23.Had the Plaintiff submitted a program in conformity with the requirements of clause 21.2(b) of the Contract, the approved Contract Program would have contained dates which were reasonably anticipated for access to the Site (after completion of the Combined Logistics Facility), practical completion and other milestones, and there would have been no delay and disruption to the Plaintiff in carrying out the Works under the Contract.
It will be recalled that the chapeau to the defendant's SDCC par 26 makes a direct reference to the circumstances as pleaded in pars 19 to 24 of the SDCC. It refers thereby to the two anterior SDCC paragraphs I have just quoted from concerning an alleged breach of cl 21.2(b) of the Contract - in reference to the plaintiff's as proposed Contract Programme and to the asserted breach in relation to that submitted Programme.
Conclusion
In short, at this interlocutory stage the pleaded defence and counterclaim position articulated under the defendant's SDCC at par 26 does not present as clearly untenable.

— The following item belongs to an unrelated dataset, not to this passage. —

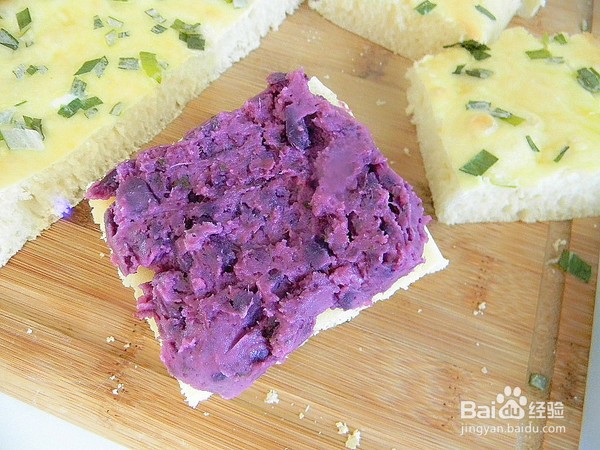 如何做紫薯面包块?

Matters raised by the defendant concerning the CLF Contract could potentially bear relevantly upon the state of the plaintiff's knowledge of site delays in progress of the works and of the plaintiff's alleged breach - in terms of a preparation and submission to the defendant of a contract programme that was, when submitted, well out of a realistic temporal alignment with the true facts concerning the delayed state of the progression of the works at the airport site at the time and, in particular, as to encountered delays in completing the works under the CLF (to which the defendant was party) producing 'knock‑on', blow‑out delay consequences for other works the subject of the Contract, as the subject of the present action.
I reiterate that I am not rendering final conclusions about those foreshadowed arguments of the defendant. But at this early stage it is sufficient for me to say that the defendant has raised what I assess to be a respectably arguable basis to support the relevance of its SDCC par 26 plea.

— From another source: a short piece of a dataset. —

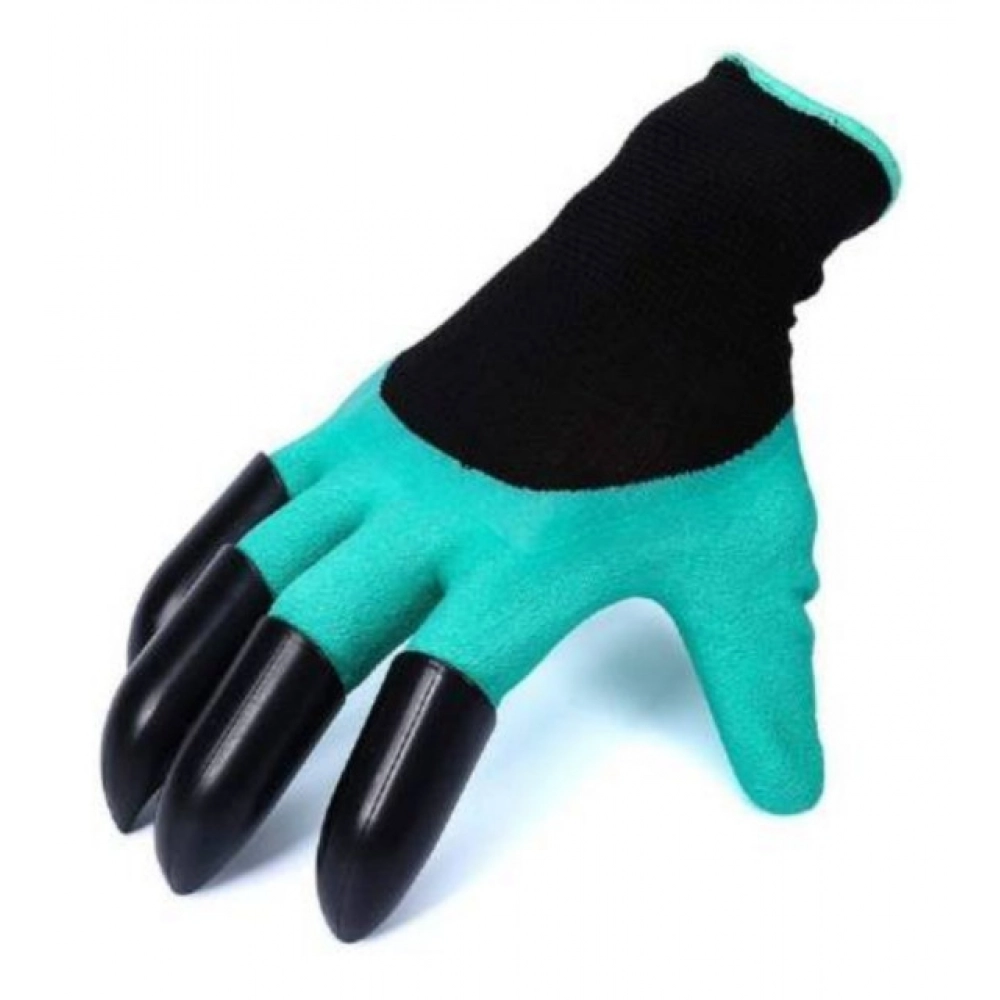 Assorted heavy duty gardening gloves with claws for digging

In those circumstances, a summary excision of the plea under par 26 of the SDCC would be inappropriate.
Consequently, the plaintiff's strike out application must fail as a matter of merit.
Given my substantive evaluation as to the lack of merit in the strike out application as proposed, there can be no leave granted for an unmeritorious strike out application to be brought out of time by the plaintiff.

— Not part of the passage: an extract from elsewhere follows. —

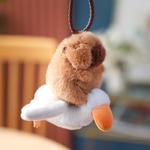 Плюшевый кулон капибара 12 см высота WOWOCHENG - фото 2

In consequence then, prima facie, the following orders seem appropriate:
(a)the plaintiff's application for leave to bring a strike out application to be advanced under its chamber summons of 7 December 2017 is dismissed.
(b)the plaintiff should pay the defendant's costs of the present application in the circumstances to be taxed; and
(c)limits otherwise applicable for a taxation of costs on an interlocutory application in chambers should be removed for the purposes of any such taxation given the complexities of the present application and a proper participation of senior counsel on each side of the argument - reflecting both the inherent importance of the application and its tactical significance within the overall litigation.
If necessary, I will hear the parties on the papers should there be any dispute over these dispositive orders once these reasons have been published to the parties.